━━━ Records provided
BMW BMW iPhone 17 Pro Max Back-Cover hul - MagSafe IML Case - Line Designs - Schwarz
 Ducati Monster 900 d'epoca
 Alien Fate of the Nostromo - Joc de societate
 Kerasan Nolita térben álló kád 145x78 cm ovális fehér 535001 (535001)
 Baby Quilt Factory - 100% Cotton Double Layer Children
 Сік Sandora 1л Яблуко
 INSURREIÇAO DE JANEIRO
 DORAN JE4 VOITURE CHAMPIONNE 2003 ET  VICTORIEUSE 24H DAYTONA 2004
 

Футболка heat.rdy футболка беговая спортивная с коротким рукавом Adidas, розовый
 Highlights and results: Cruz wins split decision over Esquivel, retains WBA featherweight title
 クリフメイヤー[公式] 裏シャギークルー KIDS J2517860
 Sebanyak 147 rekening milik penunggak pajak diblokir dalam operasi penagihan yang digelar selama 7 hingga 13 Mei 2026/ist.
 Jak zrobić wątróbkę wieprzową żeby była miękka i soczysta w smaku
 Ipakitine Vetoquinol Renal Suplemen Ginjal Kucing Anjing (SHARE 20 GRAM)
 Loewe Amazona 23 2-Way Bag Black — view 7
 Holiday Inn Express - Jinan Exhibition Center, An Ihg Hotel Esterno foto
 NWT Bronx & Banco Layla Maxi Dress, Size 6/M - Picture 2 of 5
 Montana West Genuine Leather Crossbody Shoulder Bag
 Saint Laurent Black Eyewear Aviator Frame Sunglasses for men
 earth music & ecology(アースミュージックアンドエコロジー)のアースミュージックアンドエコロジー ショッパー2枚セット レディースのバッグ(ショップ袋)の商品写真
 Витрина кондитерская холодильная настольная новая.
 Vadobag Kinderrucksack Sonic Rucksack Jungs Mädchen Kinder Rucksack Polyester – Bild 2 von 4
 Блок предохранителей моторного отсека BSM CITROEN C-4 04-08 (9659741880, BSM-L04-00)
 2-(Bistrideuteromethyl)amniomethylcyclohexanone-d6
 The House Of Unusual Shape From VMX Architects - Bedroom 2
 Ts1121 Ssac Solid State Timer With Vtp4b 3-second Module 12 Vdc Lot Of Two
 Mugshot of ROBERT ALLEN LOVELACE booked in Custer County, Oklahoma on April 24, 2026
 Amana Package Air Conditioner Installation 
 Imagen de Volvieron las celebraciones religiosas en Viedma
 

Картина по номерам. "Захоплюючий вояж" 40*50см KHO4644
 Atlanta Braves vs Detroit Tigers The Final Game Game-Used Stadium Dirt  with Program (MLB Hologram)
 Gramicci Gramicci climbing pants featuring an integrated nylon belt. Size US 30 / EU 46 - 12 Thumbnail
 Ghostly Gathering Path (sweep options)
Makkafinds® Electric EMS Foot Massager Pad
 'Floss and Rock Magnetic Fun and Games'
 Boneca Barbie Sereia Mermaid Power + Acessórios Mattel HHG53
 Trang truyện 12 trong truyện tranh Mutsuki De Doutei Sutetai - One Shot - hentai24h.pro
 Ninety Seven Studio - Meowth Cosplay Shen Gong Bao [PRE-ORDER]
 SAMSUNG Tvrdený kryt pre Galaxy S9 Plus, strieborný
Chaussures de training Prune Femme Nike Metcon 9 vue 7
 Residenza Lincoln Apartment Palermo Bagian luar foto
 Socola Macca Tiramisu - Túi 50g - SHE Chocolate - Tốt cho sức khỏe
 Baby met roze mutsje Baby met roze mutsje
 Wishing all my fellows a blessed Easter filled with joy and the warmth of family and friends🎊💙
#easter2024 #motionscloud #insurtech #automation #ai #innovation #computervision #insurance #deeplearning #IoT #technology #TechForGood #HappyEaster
━━━━━━
Retype all of the entries shown above, exactly.

Solution
BMW BMW iPhone 17 Pro Max Back-Cover hul - MagSafe IML Case - Line Designs - Schwarz
 Ducati Monster 900 d'epoca
 Alien Fate of the Nostromo - Joc de societate
 Kerasan Nolita térben álló kád 145x78 cm ovális fehér 535001 (535001)
 Baby Quilt Factory - 100% Cotton Double Layer Children
 Сік Sandora 1л Яблуко
 INSURREIÇAO DE JANEIRO
 DORAN JE4 VOITURE CHAMPIONNE 2003 ET  VICTORIEUSE 24H DAYTONA 2004
 

Футболка heat.rdy футболка беговая спортивная с коротким рукавом Adidas, розовый
 Highlights and results: Cruz wins split decision over Esquivel, retains WBA featherweight title
 クリフメイヤー[公式] 裏シャギークルー KIDS J2517860
 Sebanyak 147 rekening milik penunggak pajak diblokir dalam operasi penagihan yang digelar selama 7 hingga 13 Mei 2026/ist.
 Jak zrobić wątróbkę wieprzową żeby była miękka i soczysta w smaku
 Ipakitine Vetoquinol Renal Suplemen Ginjal Kucing Anjing (SHARE 20 GRAM)
 Loewe Amazona 23 2-Way Bag Black — view 7
 Holiday Inn Express - Jinan Exhibition Center, An Ihg Hotel Esterno foto
 NWT Bronx & Banco Layla Maxi Dress, Size 6/M - Picture 2 of 5
 Montana West Genuine Leather Crossbody Shoulder Bag
 Saint Laurent Black Eyewear Aviator Frame Sunglasses for men
 earth music & ecology(アースミュージックアンドエコロジー)のアースミュージックアンドエコロジー ショッパー2枚セット レディースのバッグ(ショップ袋)の商品写真
 Витрина кондитерская холодильная настольная новая.
 Vadobag Kinderrucksack Sonic Rucksack Jungs Mädchen Kinder Rucksack Polyester – Bild 2 von 4
 Блок предохранителей моторного отсека BSM CITROEN C-4 04-08 (9659741880, BSM-L04-00)
 2-(Bistrideuteromethyl)amniomethylcyclohexanone-d6
 The House Of Unusual Shape From VMX Architects - Bedroom 2
 Ts1121 Ssac Solid State Timer With Vtp4b 3-second Module 12 Vdc Lot Of Two
 Mugshot of ROBERT ALLEN LOVELACE booked in Custer County, Oklahoma on April 24, 2026
 Amana Package Air Conditioner Installation 
 Imagen de Volvieron las celebraciones religiosas en Viedma
 

Картина по номерам. "Захоплюючий вояж" 40*50см KHO4644
 Atlanta Braves vs Detroit Tigers The Final Game Game-Used Stadium Dirt  with Program (MLB Hologram)
 Gramicci Gramicci climbing pants featuring an integrated nylon belt. Size US 30 / EU 46 - 12 Thumbnail
 Ghostly Gathering Path (sweep options)
Makkafinds® Electric EMS Foot Massager Pad
 'Floss and Rock Magnetic Fun and Games'
 Boneca Barbie Sereia Mermaid Power + Acessórios Mattel HHG53
 Trang truyện 12 trong truyện tranh Mutsuki De Doutei Sutetai - One Shot - hentai24h.pro
 Ninety Seven Studio - Meowth Cosplay Shen Gong Bao [PRE-ORDER]
 SAMSUNG Tvrdený kryt pre Galaxy S9 Plus, strieborný
Chaussures de training Prune Femme Nike Metcon 9 vue 7
 Residenza Lincoln Apartment Palermo Bagian luar foto
 Socola Macca Tiramisu - Túi 50g - SHE Chocolate - Tốt cho sức khỏe
 Baby met roze mutsje Baby met roze mutsje
 Wishing all my fellows a blessed Easter filled with joy and the warmth of family and friends🎊💙
#easter2024 #motionscloud #insurtech #automation #ai #innovation #computervision #insurance #deeplearning #IoT #technology #TechForGood #HappyEaster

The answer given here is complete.